Starting at the line below holding "53 Prior Place Yonkers NY 10710" and stopping at the line holding "Vintage Wanduhr von", print every line exactly, both ends included, and leave the rest out.

── Records to process

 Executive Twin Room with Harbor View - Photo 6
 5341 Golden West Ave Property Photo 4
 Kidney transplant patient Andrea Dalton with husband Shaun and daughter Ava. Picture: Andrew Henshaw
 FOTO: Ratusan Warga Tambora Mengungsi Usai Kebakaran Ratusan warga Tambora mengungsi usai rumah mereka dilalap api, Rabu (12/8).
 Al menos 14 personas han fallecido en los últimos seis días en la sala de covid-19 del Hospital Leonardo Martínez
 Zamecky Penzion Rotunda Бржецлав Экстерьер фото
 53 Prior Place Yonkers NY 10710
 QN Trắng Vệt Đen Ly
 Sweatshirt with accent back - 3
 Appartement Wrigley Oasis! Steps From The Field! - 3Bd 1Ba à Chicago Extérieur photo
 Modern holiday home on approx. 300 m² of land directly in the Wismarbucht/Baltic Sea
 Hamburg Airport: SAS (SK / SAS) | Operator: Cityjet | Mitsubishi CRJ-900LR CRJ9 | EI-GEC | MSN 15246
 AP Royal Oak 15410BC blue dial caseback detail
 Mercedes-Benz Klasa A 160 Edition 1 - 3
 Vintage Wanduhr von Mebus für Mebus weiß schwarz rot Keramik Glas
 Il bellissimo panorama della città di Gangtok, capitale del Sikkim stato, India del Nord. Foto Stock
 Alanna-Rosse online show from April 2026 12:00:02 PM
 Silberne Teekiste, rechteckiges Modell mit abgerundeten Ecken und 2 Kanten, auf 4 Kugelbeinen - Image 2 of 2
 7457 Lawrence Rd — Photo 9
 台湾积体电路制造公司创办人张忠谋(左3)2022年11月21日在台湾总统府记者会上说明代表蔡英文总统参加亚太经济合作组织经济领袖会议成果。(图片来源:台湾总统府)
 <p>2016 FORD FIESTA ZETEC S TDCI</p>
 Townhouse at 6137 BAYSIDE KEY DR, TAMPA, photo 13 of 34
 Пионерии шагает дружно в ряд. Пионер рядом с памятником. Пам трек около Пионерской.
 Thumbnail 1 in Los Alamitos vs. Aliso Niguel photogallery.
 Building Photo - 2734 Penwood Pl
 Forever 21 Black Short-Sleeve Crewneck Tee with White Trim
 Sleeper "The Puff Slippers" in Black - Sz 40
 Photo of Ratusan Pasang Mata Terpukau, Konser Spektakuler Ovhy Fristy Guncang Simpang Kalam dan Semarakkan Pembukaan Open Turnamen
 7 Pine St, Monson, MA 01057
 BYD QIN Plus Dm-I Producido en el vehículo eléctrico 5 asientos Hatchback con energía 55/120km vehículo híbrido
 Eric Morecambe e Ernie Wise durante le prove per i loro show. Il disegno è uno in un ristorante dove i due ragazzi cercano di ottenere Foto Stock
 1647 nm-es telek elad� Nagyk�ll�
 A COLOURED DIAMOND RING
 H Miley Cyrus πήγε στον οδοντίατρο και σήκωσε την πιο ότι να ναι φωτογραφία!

────

Task response:
 53 Prior Place Yonkers NY 10710
 QN Trắng Vệt Đen Ly
 Sweatshirt with accent back - 3
 Appartement Wrigley Oasis! Steps From The Field! - 3Bd 1Ba à Chicago Extérieur photo
 Modern holiday home on approx. 300 m² of land directly in the Wismarbucht/Baltic Sea
 Hamburg Airport: SAS (SK / SAS) | Operator: Cityjet | Mitsubishi CRJ-900LR CRJ9 | EI-GEC | MSN 15246
 AP Royal Oak 15410BC blue dial caseback detail
 Mercedes-Benz Klasa A 160 Edition 1 - 3
 Vintage Wanduhr von Mebus für Mebus weiß schwarz rot Keramik Glas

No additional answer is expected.